While praised for their significant form, Pollock's drip paintings followed the Dada course of automatism. In the Dada spirit Pollock offered a conceptually bracketed activity as art. By restricting the spectator's frame of reference to the painting process, the Action painter, with one eye toward history and another toward the psychology of the art experience, reduced art to the recording of an unconscious (undirected) aesthetic act. He took the underlying potential for metonymic symbolism apparent in the indexing of the photograph and in the Impressionist's attention to surface and texture, and made it the primary concern. Action painting was no less symbolic than previous art, but the strategy was relation by causation (indexing) rather than metaphoric similarity. Pollock's drip paintings would become symbols of unconscious expression in art.

In the art that followed, the heated aggression and emotive content of Abstract Expressionism cooled to become Color Field. In time, the avant-garde would deny any relation to the spiritual or the symbolic (Rothko is the notable exception). The aesthetics of high Modern espoused flatness, reduced shape and reduced surface. Art rid itself of excess baggage. Color Field painters attempted to eliminate everything save reference to the painting. 'Significant form' became the guiding concept for Color Field painters. How removed from the emotional intensity of Abstract Expressionism were the austere rarefactions of Color Field.

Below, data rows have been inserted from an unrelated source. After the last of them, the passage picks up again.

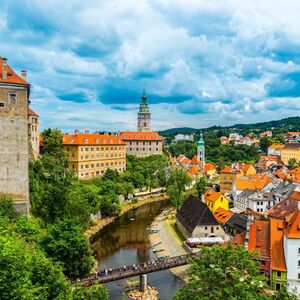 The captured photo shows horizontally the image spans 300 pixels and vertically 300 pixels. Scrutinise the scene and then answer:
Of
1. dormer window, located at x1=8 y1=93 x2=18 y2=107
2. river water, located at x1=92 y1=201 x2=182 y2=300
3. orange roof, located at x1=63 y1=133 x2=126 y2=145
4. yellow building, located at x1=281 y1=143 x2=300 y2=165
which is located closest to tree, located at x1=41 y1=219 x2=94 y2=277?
river water, located at x1=92 y1=201 x2=182 y2=300

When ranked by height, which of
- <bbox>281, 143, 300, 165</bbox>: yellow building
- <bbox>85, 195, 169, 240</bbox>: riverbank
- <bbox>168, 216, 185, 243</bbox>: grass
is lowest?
<bbox>168, 216, 185, 243</bbox>: grass

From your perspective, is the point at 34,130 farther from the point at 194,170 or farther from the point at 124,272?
the point at 194,170

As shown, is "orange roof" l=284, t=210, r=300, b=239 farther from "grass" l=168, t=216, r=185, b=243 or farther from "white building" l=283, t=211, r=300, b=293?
"grass" l=168, t=216, r=185, b=243

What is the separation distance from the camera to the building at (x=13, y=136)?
100ft

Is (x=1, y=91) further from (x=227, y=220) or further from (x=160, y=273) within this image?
(x=227, y=220)

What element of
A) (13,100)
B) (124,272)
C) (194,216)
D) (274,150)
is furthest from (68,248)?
(274,150)

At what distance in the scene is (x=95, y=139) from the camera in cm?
6681

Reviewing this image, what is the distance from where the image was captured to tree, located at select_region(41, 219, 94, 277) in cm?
2557

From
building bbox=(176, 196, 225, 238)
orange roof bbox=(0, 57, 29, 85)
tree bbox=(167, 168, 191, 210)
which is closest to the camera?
orange roof bbox=(0, 57, 29, 85)

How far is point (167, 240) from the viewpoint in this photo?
40312 mm

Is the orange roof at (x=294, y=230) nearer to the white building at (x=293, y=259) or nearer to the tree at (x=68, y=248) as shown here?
the white building at (x=293, y=259)

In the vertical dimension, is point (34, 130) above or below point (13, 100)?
below

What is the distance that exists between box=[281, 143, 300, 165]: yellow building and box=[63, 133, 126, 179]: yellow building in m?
60.2

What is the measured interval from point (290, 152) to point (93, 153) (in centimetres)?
6907
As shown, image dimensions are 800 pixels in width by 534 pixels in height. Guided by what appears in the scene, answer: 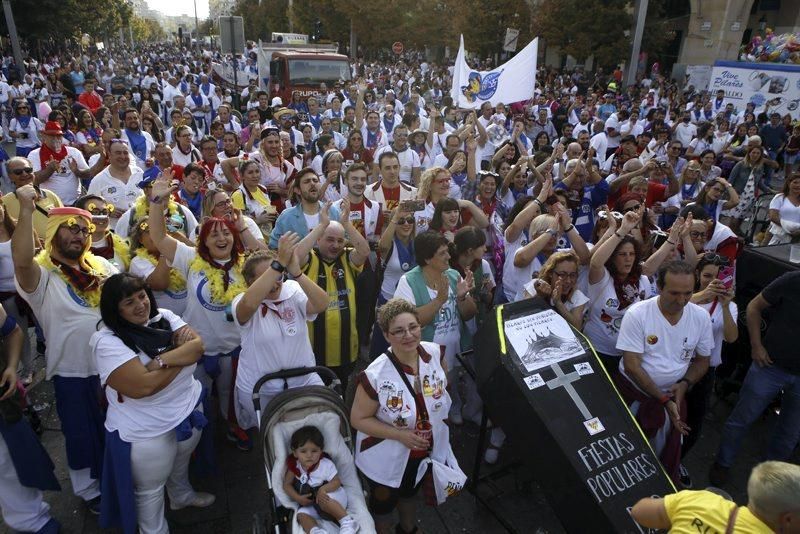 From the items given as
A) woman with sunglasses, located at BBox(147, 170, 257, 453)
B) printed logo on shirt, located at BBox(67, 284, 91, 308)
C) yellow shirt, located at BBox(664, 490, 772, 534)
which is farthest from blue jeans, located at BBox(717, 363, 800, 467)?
printed logo on shirt, located at BBox(67, 284, 91, 308)

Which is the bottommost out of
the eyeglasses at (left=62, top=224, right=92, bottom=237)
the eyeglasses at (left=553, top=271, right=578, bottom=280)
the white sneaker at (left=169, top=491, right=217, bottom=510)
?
the white sneaker at (left=169, top=491, right=217, bottom=510)

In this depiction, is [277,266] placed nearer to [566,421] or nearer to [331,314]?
[331,314]

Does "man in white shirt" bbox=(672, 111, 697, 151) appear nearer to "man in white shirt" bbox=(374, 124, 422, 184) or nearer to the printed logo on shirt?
"man in white shirt" bbox=(374, 124, 422, 184)

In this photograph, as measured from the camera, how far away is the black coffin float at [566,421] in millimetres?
2996

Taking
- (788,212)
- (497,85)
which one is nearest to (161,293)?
(788,212)

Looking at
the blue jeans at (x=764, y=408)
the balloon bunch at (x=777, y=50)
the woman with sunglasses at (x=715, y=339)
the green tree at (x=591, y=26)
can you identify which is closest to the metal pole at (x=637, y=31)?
the green tree at (x=591, y=26)

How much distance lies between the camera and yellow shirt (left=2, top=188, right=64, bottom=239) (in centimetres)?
466

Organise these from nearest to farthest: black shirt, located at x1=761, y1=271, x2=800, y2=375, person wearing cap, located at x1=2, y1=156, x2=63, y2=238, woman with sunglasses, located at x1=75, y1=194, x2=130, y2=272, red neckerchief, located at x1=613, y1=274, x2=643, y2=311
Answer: black shirt, located at x1=761, y1=271, x2=800, y2=375
woman with sunglasses, located at x1=75, y1=194, x2=130, y2=272
red neckerchief, located at x1=613, y1=274, x2=643, y2=311
person wearing cap, located at x1=2, y1=156, x2=63, y2=238

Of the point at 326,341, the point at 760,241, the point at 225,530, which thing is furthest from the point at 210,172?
the point at 760,241

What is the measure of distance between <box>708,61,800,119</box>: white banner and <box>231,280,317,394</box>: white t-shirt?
62.2 feet

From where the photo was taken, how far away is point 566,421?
10.2 feet

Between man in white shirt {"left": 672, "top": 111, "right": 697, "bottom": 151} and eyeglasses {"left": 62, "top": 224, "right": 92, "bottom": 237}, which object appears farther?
man in white shirt {"left": 672, "top": 111, "right": 697, "bottom": 151}

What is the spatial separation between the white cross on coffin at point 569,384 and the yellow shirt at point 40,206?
14.1 ft

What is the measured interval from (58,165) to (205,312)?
4.18 meters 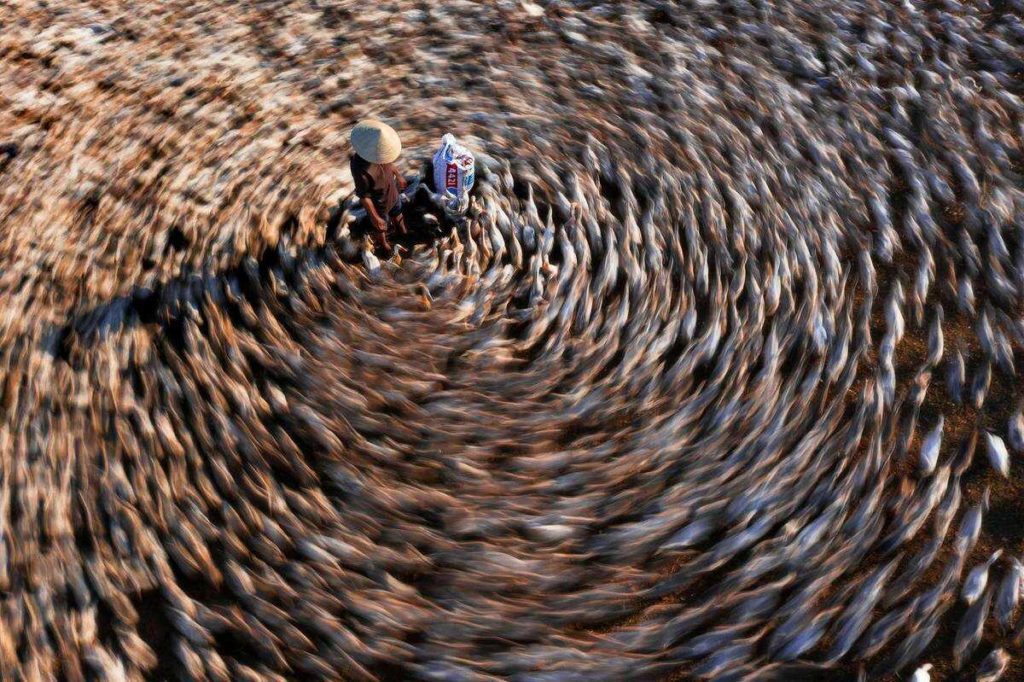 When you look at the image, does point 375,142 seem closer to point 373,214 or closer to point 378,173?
point 378,173

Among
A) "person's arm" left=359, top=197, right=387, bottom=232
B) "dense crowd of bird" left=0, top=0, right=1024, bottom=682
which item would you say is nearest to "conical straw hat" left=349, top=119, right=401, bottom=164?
"person's arm" left=359, top=197, right=387, bottom=232

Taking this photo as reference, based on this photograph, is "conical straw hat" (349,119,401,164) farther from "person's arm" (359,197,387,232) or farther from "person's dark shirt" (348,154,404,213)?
"person's arm" (359,197,387,232)

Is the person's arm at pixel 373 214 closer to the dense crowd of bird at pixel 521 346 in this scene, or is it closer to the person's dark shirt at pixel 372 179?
the person's dark shirt at pixel 372 179

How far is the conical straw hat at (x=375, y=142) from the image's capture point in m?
4.24

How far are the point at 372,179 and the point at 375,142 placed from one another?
0.28 meters

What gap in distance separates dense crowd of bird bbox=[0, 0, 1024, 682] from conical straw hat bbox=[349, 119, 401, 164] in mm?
796

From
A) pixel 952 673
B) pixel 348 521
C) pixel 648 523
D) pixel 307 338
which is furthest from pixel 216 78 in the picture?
pixel 952 673

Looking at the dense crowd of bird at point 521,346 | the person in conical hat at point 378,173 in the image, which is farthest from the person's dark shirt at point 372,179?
the dense crowd of bird at point 521,346

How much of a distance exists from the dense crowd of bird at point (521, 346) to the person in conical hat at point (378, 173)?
0.30 m

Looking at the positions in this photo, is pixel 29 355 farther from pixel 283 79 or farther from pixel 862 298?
pixel 862 298

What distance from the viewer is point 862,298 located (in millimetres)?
4672

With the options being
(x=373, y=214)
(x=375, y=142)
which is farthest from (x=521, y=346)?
(x=375, y=142)

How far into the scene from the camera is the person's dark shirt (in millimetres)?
4445

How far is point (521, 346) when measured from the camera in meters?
4.56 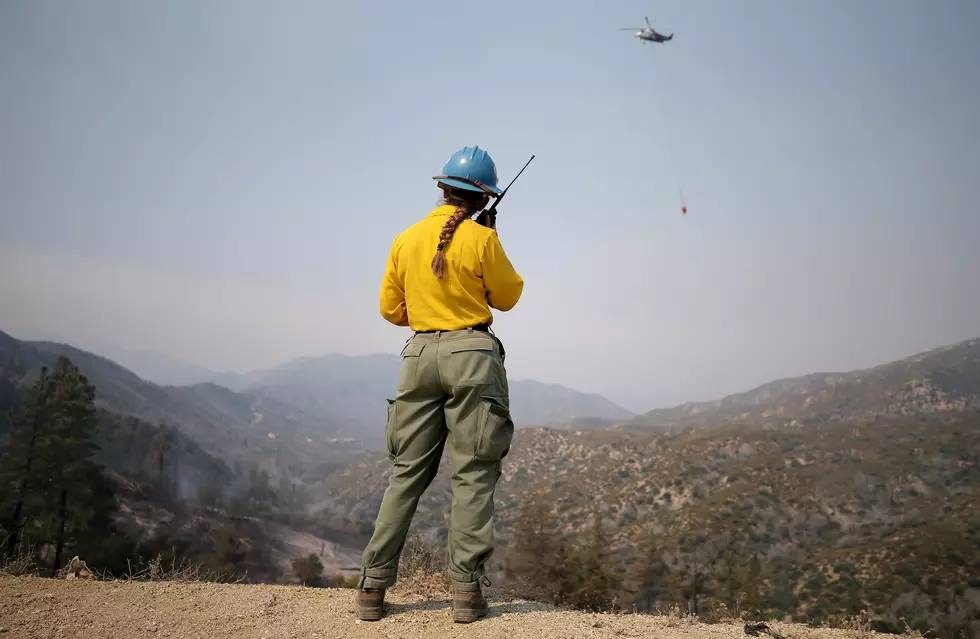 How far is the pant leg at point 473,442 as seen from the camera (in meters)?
3.59

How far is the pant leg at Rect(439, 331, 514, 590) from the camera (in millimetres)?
3594

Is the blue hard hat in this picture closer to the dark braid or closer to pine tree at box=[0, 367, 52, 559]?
the dark braid

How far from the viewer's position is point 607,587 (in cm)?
2672

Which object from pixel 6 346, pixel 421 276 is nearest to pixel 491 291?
pixel 421 276

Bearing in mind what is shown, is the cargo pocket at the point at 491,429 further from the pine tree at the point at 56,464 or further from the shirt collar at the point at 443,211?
the pine tree at the point at 56,464

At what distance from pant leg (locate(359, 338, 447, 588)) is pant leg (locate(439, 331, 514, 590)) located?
134mm

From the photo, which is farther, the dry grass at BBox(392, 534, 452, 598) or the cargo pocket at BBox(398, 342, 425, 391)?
the dry grass at BBox(392, 534, 452, 598)

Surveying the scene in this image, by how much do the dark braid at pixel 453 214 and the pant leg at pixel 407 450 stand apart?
526 mm

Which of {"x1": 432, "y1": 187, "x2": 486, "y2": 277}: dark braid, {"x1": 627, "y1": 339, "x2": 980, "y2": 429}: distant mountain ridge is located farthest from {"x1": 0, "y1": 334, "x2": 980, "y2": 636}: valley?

As a concept of the Modern paradigm, the term was appropriately applied to Pollock's drip paintings. Significant form provided a discursive context for examining the process by which the mind mediates new experience. The subtle apprehension of significant form was an awareness of the symbol forming process as it encodes experience. The symbol is the enigmatic source of formal perception. The symbolic function determines form as an instrument of thought. Significant form is symbolic form. It is symbolism clarified of non-perceptual concerns and structured in the context of the Formalism. The Formalist's aesthetic response was the transcendent apprehension of the symbol. The accompanying feelings and emotions were the result of the non-discursive content of the symbolic experience.

After Color Field established itself as a movement in the Modern tradition of continuous innovation, where was it to go? It became evident there was no final statement, no final metaphor, no checkmate, no consciousness-negating reduction and no a priori form. Freed from the subject, freed from all but the format, Modernism had no choice but to fulfill its reductive logic and eliminate the rectangular image and self-referential meaning. As Greenberg's flock played out its final solutions, the Color Field painter reduced image to 'objectness.' In an at first subtle shift in direction from the perceptual preoccupations of Color Field to the conceptual concerns of Minimal art, the painting became a shallow relief object. The primary object was all that was left, and it was still recognizable as art. Structuralism ensued.